Disclaimer: Apparently Carlsberg don’t write my titles..
Back in May 2011, a study was published in Science describing the application of sclerotic ring and orbital morphology in determining daily activity (diel) patterns in extinct archosaurs. Recently, a comment and counter-comment have been published, both with pretty critical rhetoric. I figured that as it appears to be causing a fuss, I’d try and summarise the discussion, and add a few comments here (you know, for the masses of people that read this blog..)
The initial study provides “concrete evidence” of Mesozoic “temporal niche partitioning”, a pretty important find, if indeed valid. Combined with data from extant analogues, the authors infer that the visual ecology of Mesozoic archosaurs was a critical driver in the evolution of diel activity patterns.

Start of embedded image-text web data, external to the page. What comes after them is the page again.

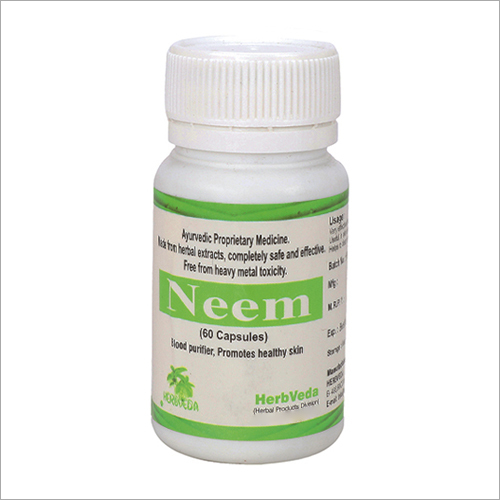 Neem Capsules Dry Place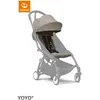 Stokke YOYO 6+ Color Pack, Taupe - Alleen textiel: zitkussen, uitschuifbare luifel en achterzak met ritssluiting - Vereist YOYO-frame (apart verkrijgbaar)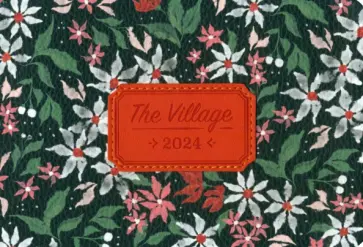 Еженедельник датированный на 2024 год Village, 64 листа, черный обложка книги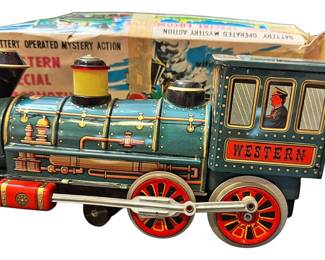 Vtg Battery Operated Mystery Action Train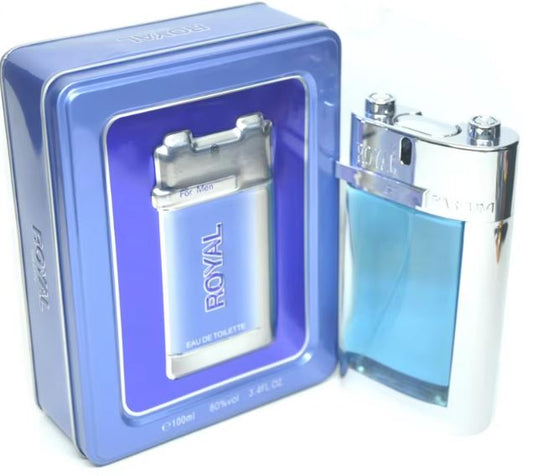 Impressions of Royal Blue Perfume For Men - Royal Blue Original Tin Perfume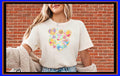 Cute Bear and Friends Heart Shirt Pastel Hundred Acre Wood Tee Tigger Piglet Eeyore Roo Honey Pot Gift for Her Hoodie OP251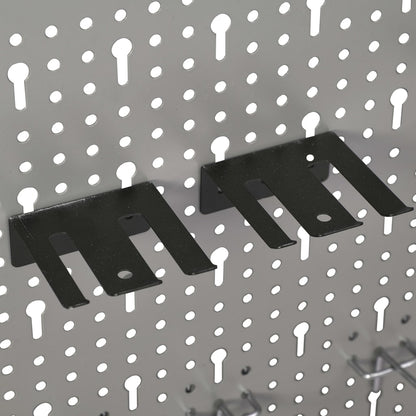 Pannelli per Utensili a Parete 3 pz 40x58 cm Acciaio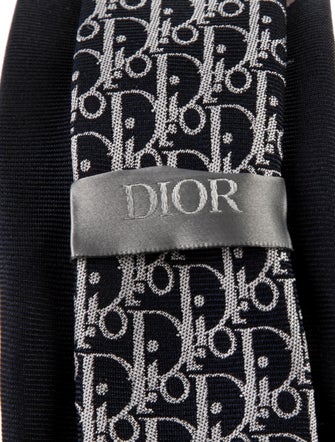 DIOR MEN Silk Oblique Jacquard Tie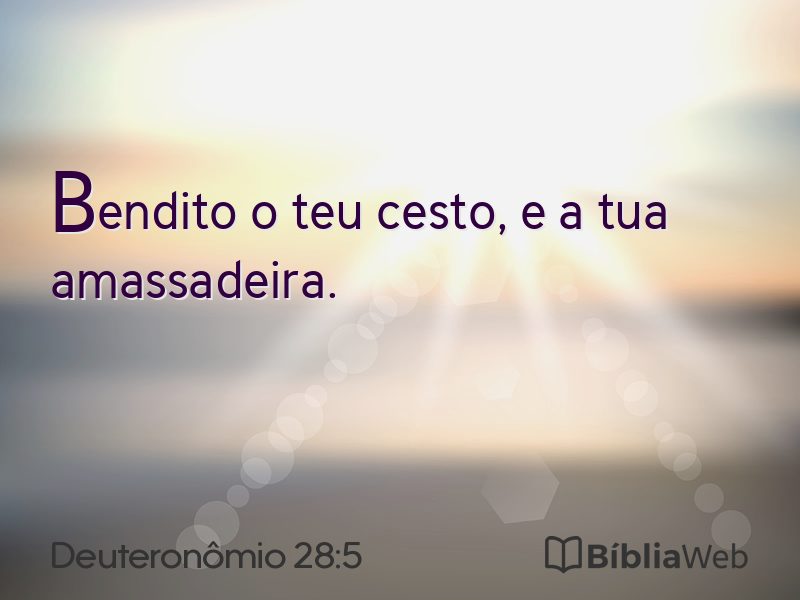 Deuteronômio 28:5 em imagem para compartilhar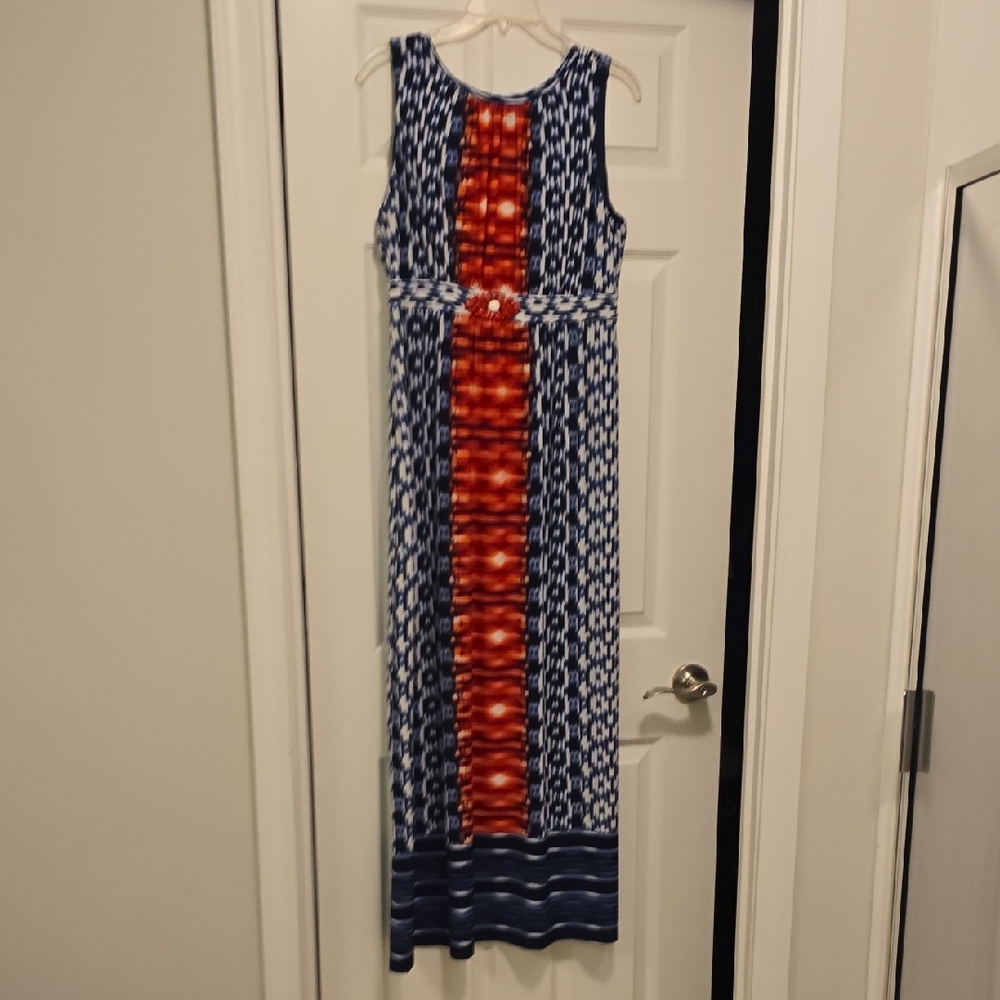 Ruby Rd. Women's Maxi Dress - Blue and Red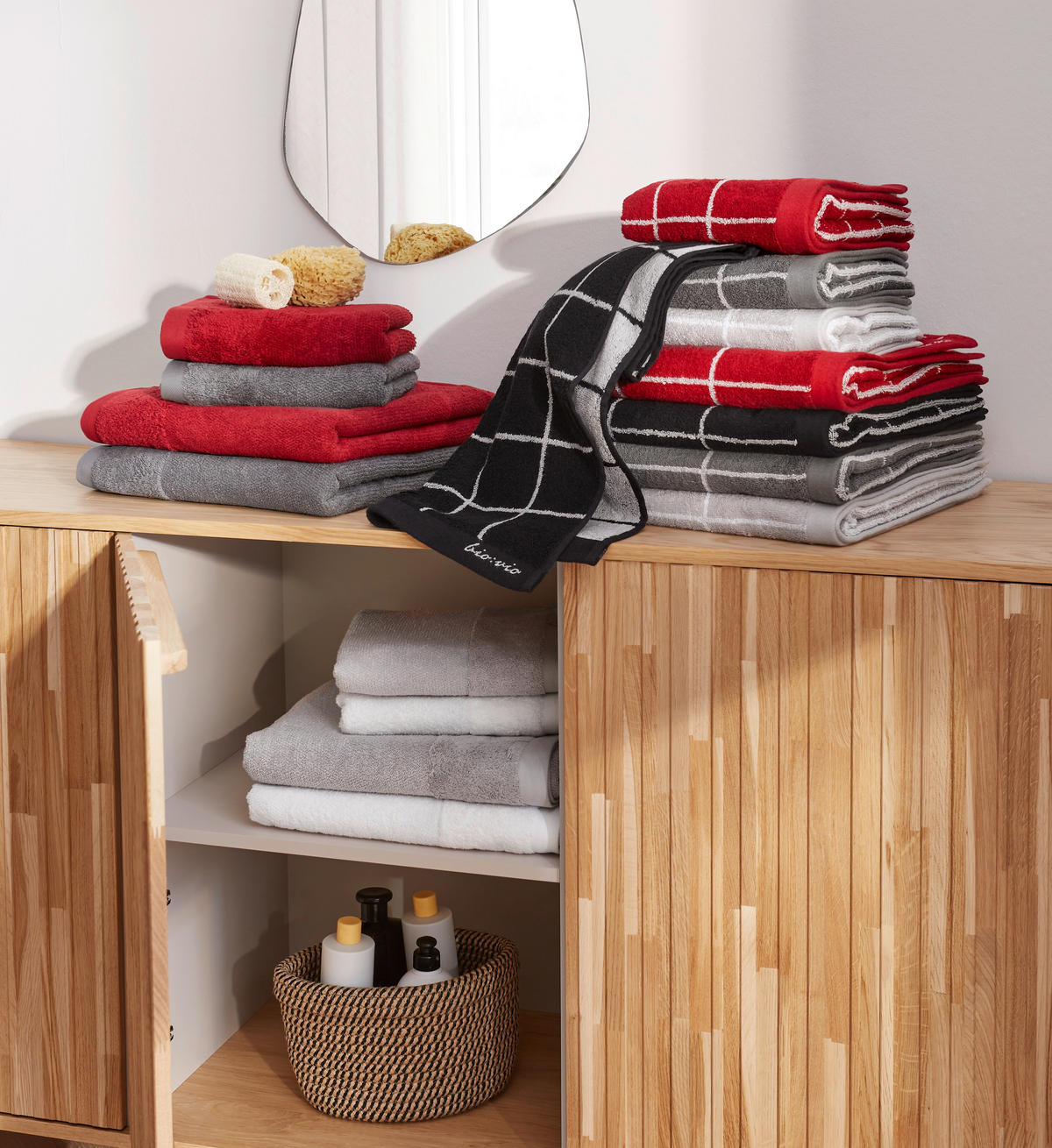 KÉZTÖRLŐ 50/100 cm fehér  - fehér, Natur, textil (50/100cm) - Bio:Vio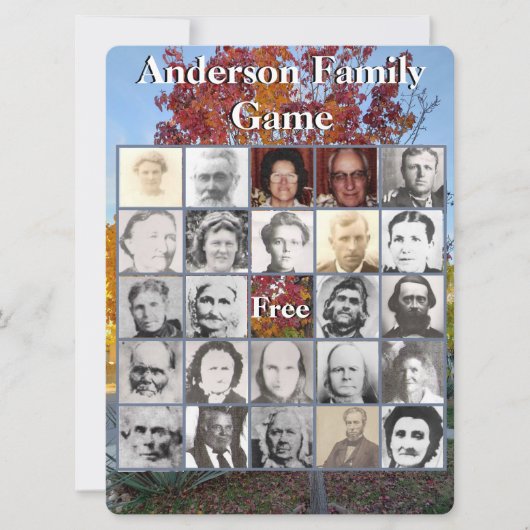 Family Reunion Photo Game Colorful Herfst Tree (Voorkant)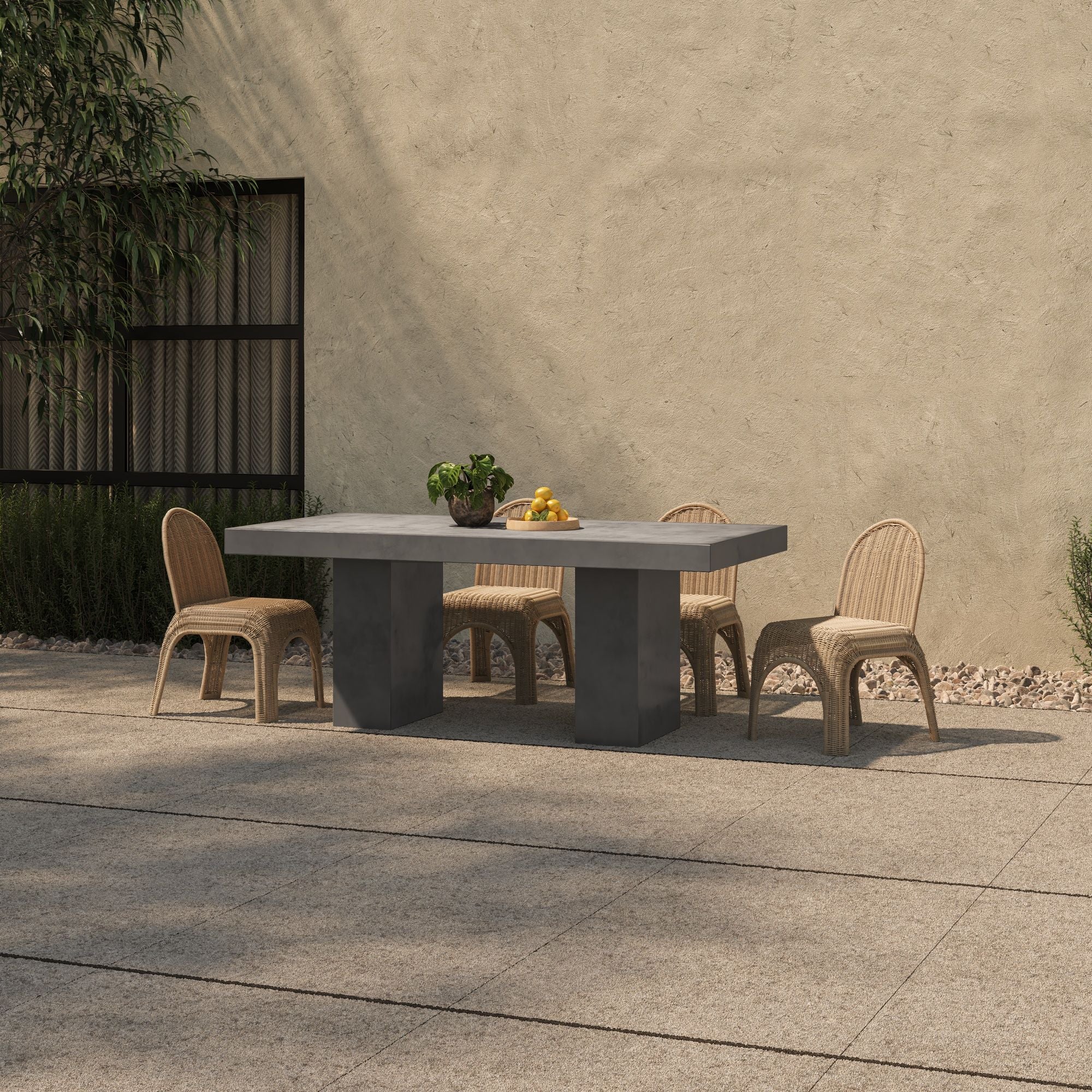 Antonius - Outdoor Dining Table - Cement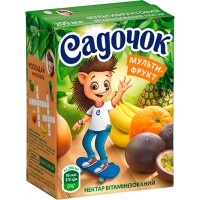 Нектар "Садочок" Мультифруктовый витаминизированный 200мл (4823063105255)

Now, seeing as the geological record doesn’t really go down to intra-daily resolution, to infer short-term ecological patterns in extinct archosaurs, we must rely on extrapolating signals from modern analogues, formally known as the ‘extant phylogenetic bracket’ approach. This has been used successfully in many aspects of palaeobiology, ranging from sauropodomorph feeding styles to flight evolution in avian theropods, and is an increasingly useful concept in reconstructing extinct ecological parameters based on the intrinsic link between form and function. This concept is rigorously applied by Schmitz and Motani (2011a) on a range of extinct archosaurs to track the link between orbital and scleral form, and visual function.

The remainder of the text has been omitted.